--- Data shown ---
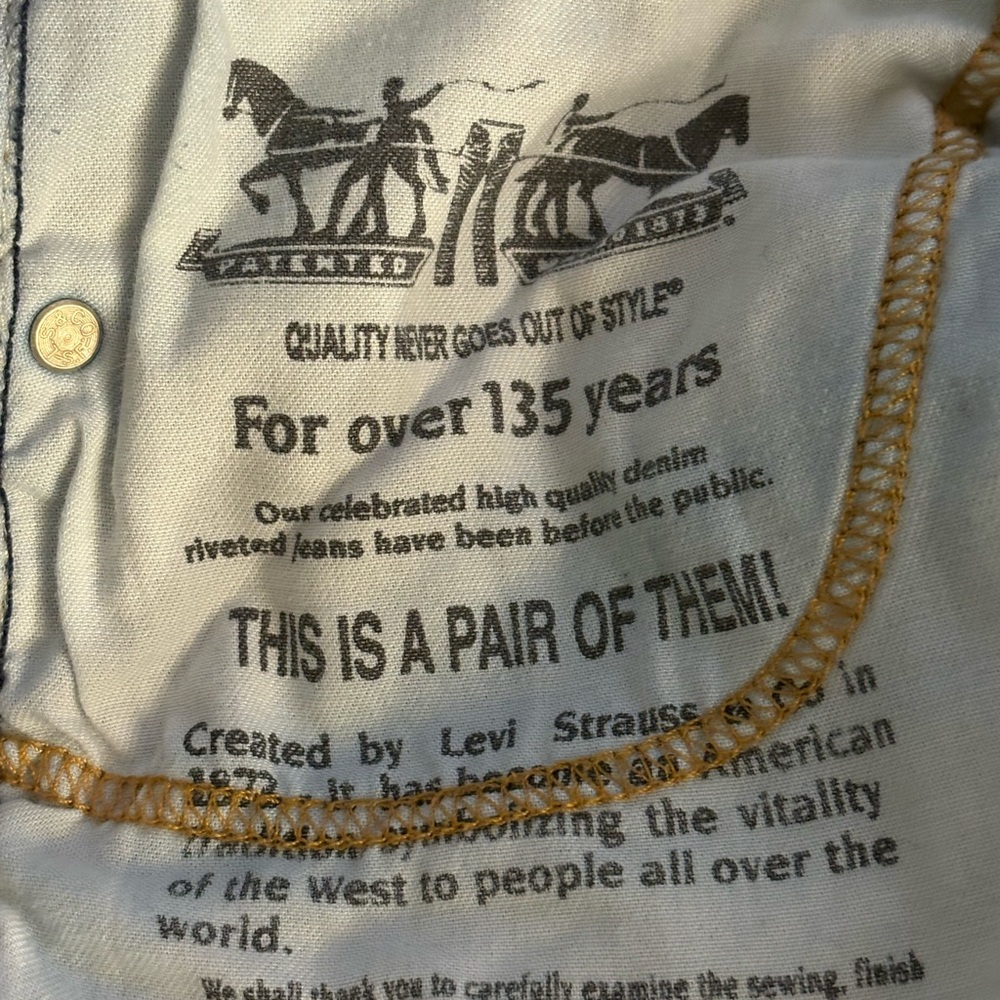 Levi's Classic Blue Jeans With Patch - image 3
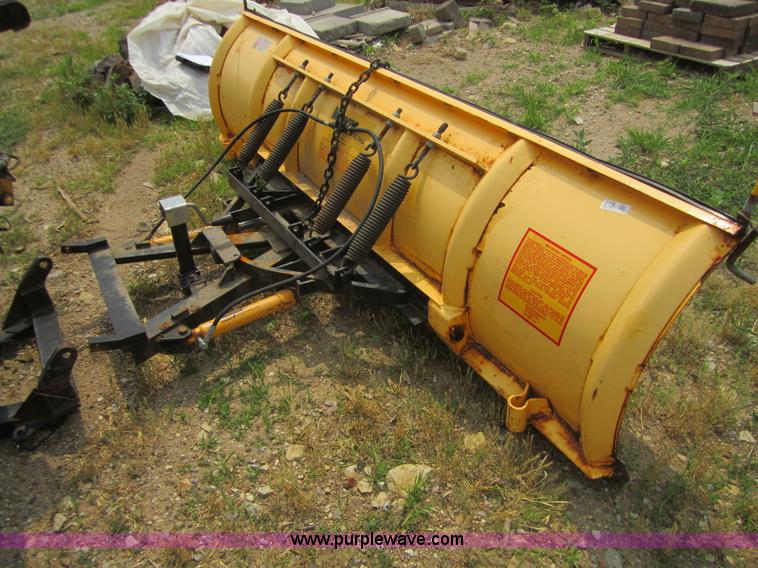 image for item 3797 1989 Ford F250 pickup truck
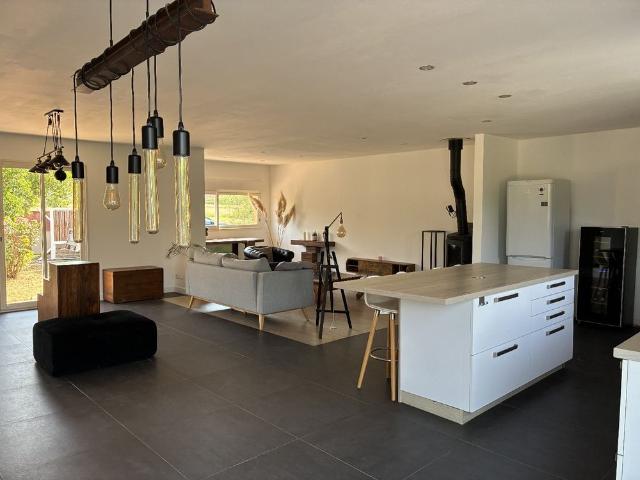 Location Maison 5 pièces 132m² BAZIEGE 31450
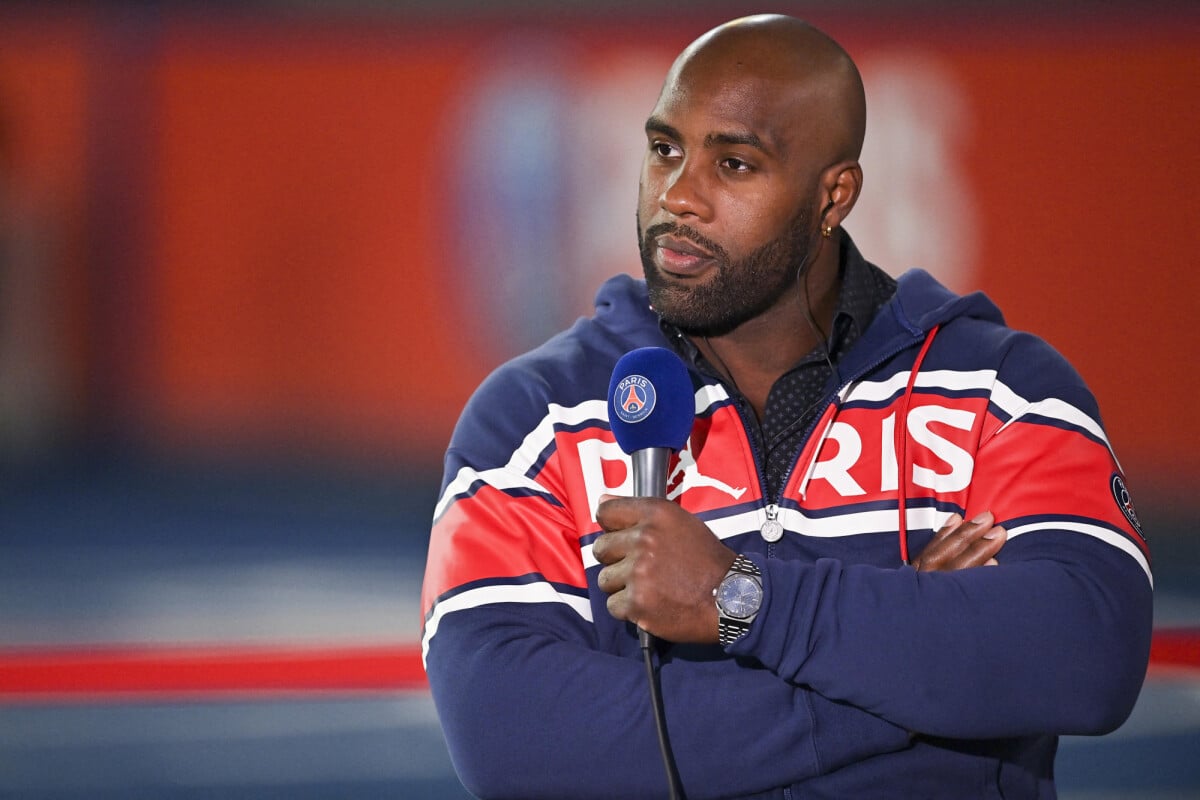 Photo Teddy Riner T.Riner donne le coup d'envoi du match et le PSG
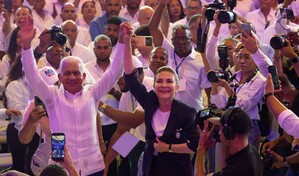 Ricardo de los Santos asume direcci&oacute;n de campa&ntilde;a de Carolina Mej&iacute;a y pide defenderla con argumentos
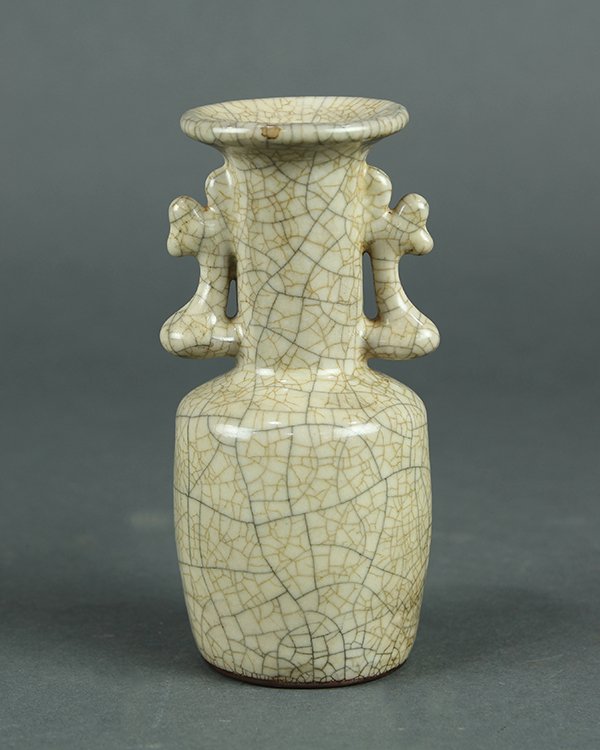 Chinese Ge-type Mallet Vase (1 of 6)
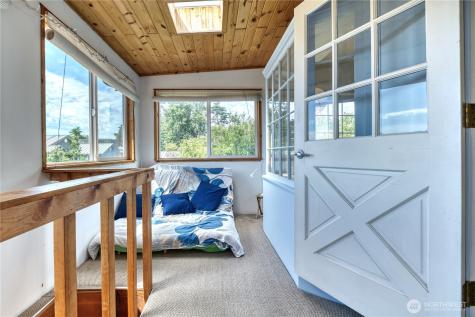 669 Marine Drive Point Roberts WA 98281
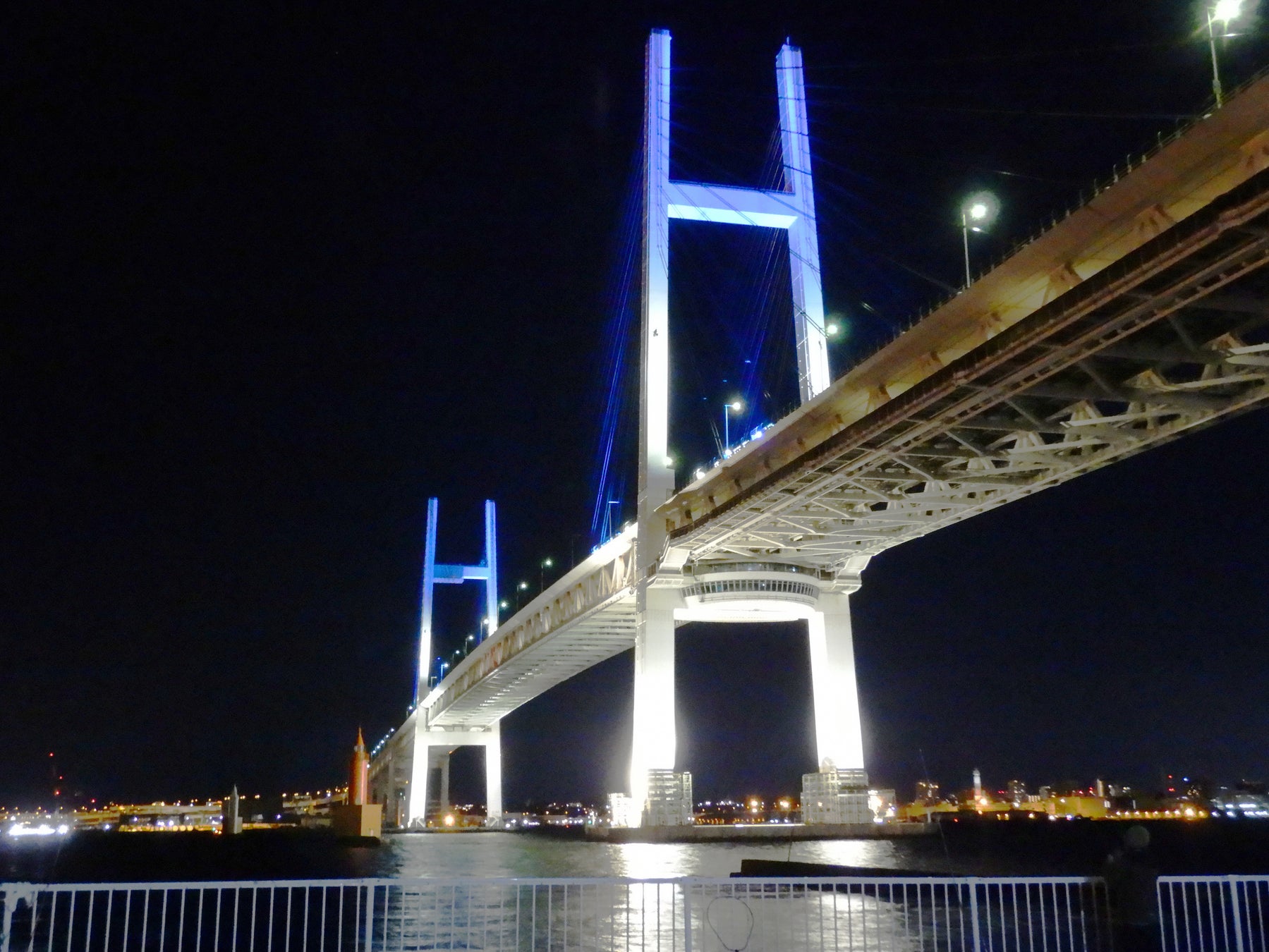 夜に輝く横浜!プリキュアARフォトラリーと特別イベント開催中 夜に輝く横浜!プリキュアARフォトラリーと特別イベント開催中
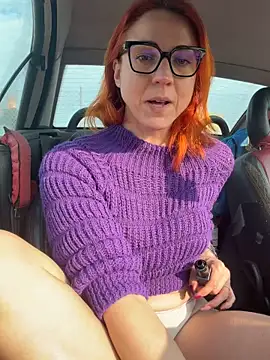 Nikky Divine online show from March 21, 2026, 2:54 pm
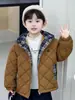 Jaqueta Rota de Outono e Inverno para Meninos Estilo Coreano Acolchoada Infantil com Capuz Roupas Externas para Bebês e Crianças Pequenas Comércio Exterior Transfronteiriço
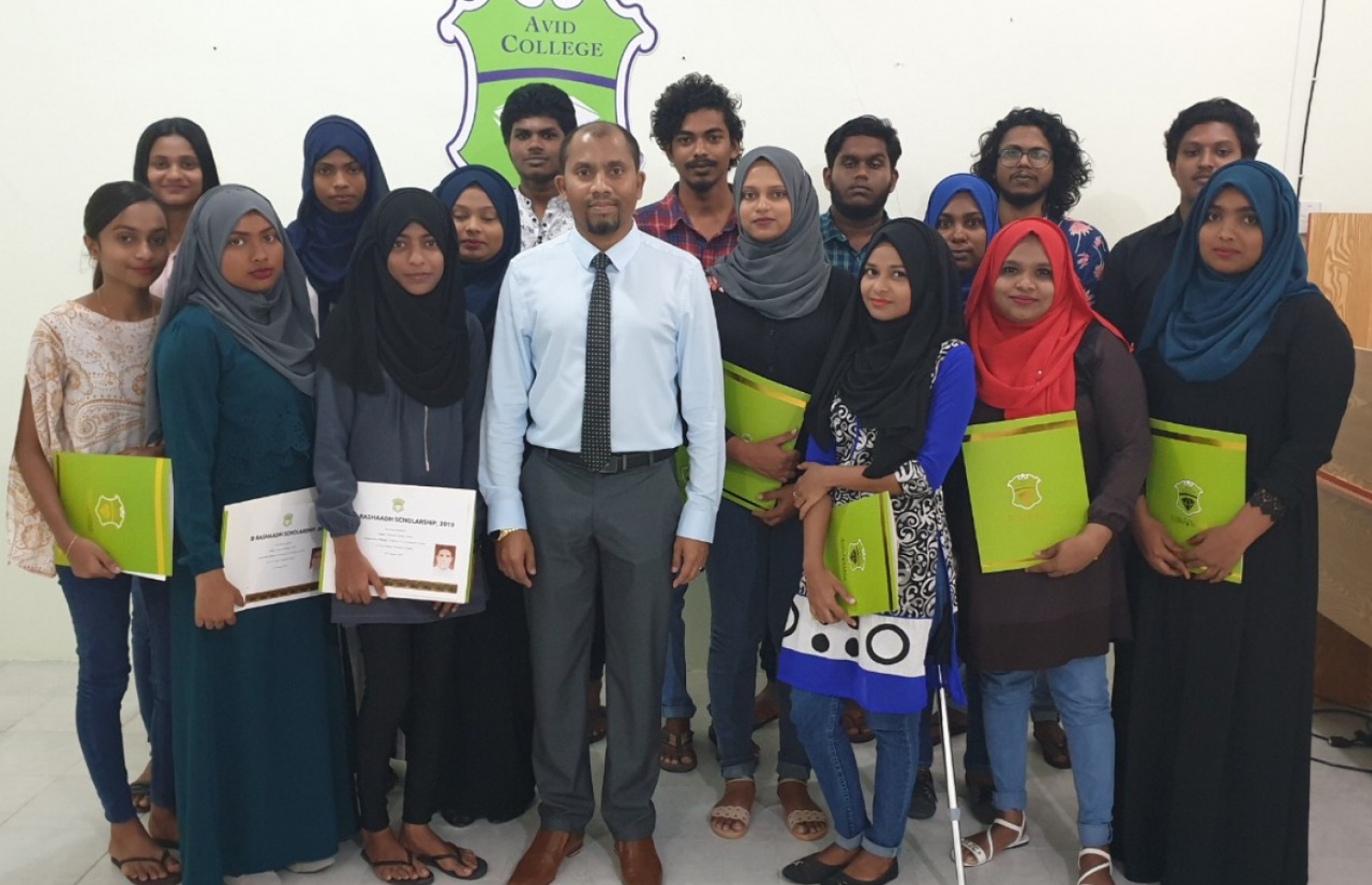 ސްކޮލާޝިޕް ލިބުނު ދަރިވަރުންނާ އެކު އެވިޑް ކޮލެޖުގެ ޗެއާމަން އަބްދުﷲ މުސްތާގު ރަޝާދު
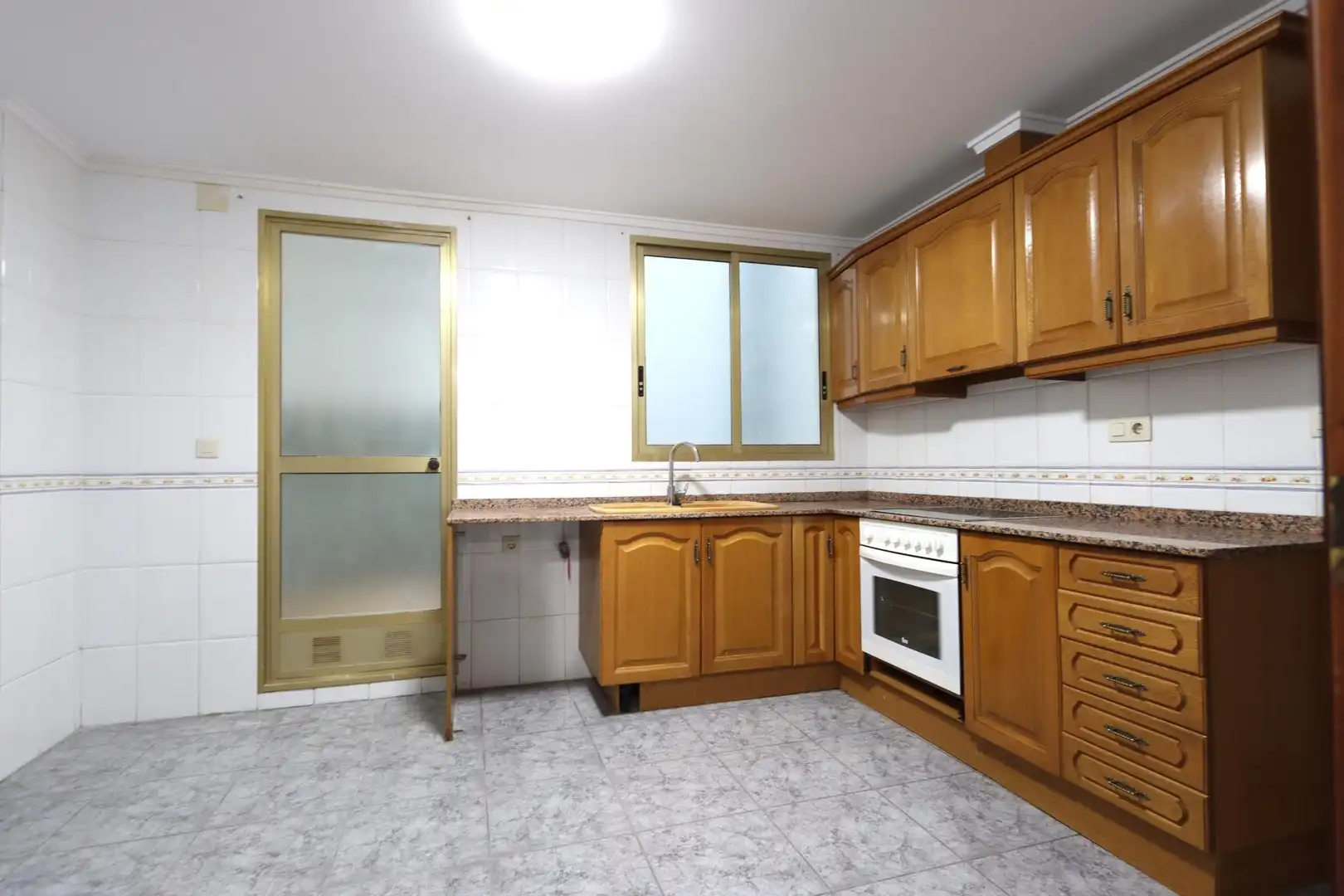 Kitchen of Flat for rent in Benaguasil  with Balcony
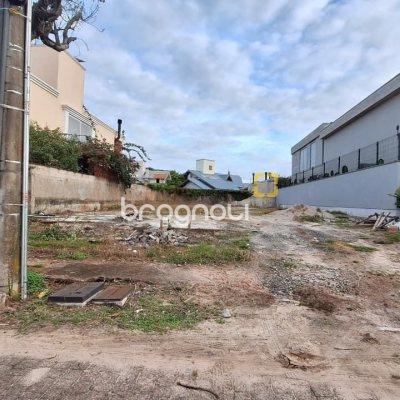 Terreno com 450m², no bairro Jurerê Internacional em Florianópolis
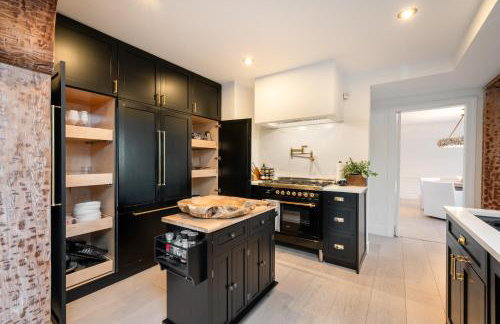 The Ultra-Luxury Escape in Coldwater Canyon - Foto 32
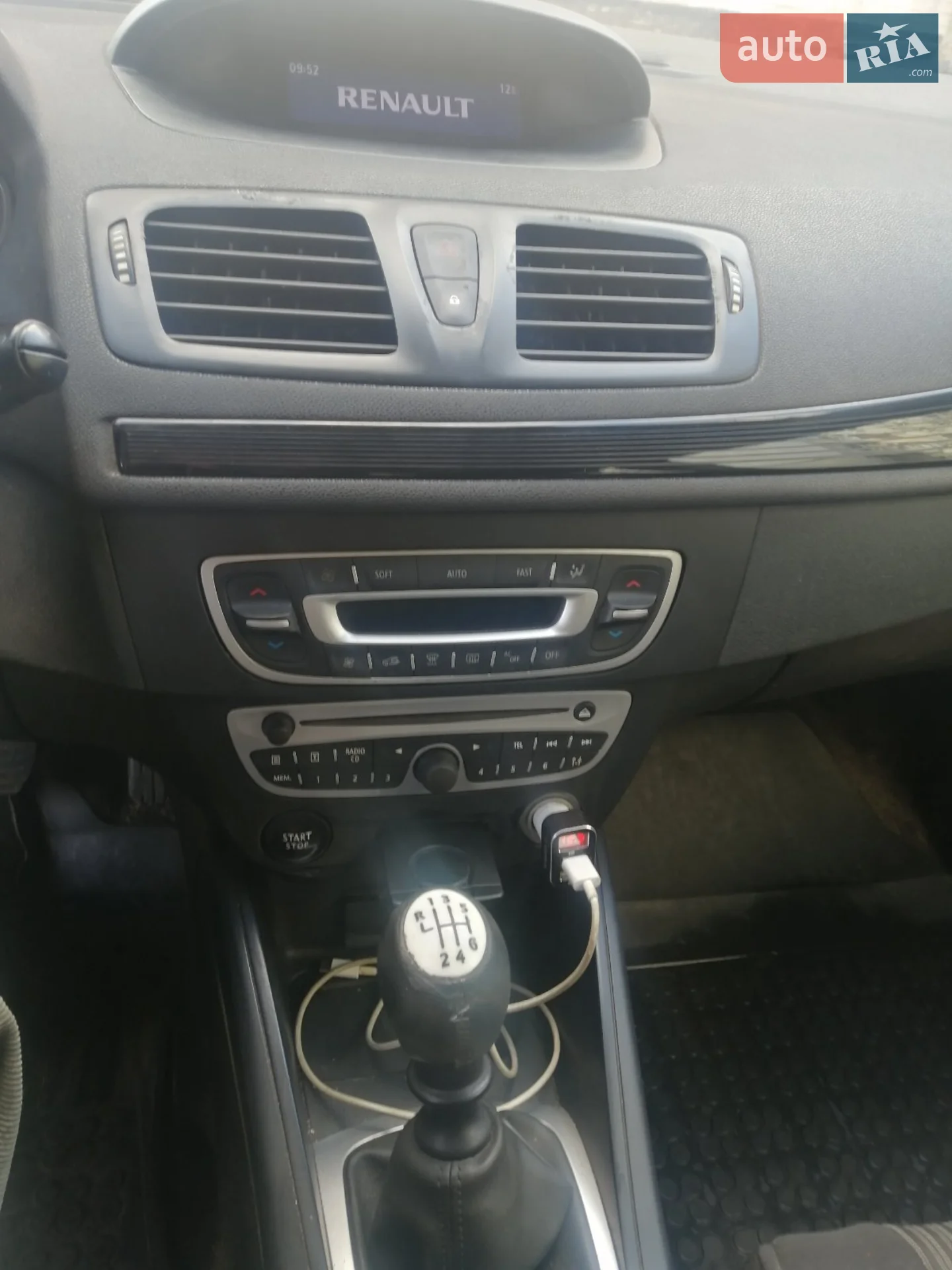 2012 Renault Megane - мініатюра 2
---
Work task - In the copy, omit the pictures and reproduce every entry exactly.

Answer below -
 Levi's Classic Blue Jeans With Patch - image 3
 image for item 3797 1989 Ford F250 pickup truck
 Location Maison 5 pièces 132m² BAZIEGE 31450
 Photo Teddy Riner T.Riner donne le coup d'envoi du match et le PSG
 Ricardo de los Santos asume direcci&oacute;n de campa&ntilde;a de Carolina Mej&iacute;a y pide defenderla con argumentos
 Chinese Ge-type Mallet Vase (1 of 6)
 669 Marine Drive Point Roberts WA 98281
 夜に輝く横浜!プリキュアARフォトラリーと特別イベント開催中 夜に輝く横浜!プリキュアARフォトラリーと特別イベント開催中
 Nikky Divine online show from March 21, 2026, 2:54 pm
 Jaqueta Rota de Outono e Inverno para Meninos Estilo Coreano Acolchoada Infantil com Capuz Roupas Externas para Bebês e Crianças Pequenas Comércio Exterior Transfronteiriço
 ސްކޮލާޝިޕް ލިބުނު ދަރިވަރުންނާ އެކު އެވިޑް ކޮލެޖުގެ ޗެއާމަން އަބްދުﷲ މުސްތާގު ރަޝާދު
 Kitchen of Flat for rent in Benaguasil  with Balcony
 Terreno com 450m², no bairro Jurerê Internacional em Florianópolis
 The Ultra-Luxury Escape in Coldwater Canyon - Foto 32
 2012 Renault Megane - мініатюра 2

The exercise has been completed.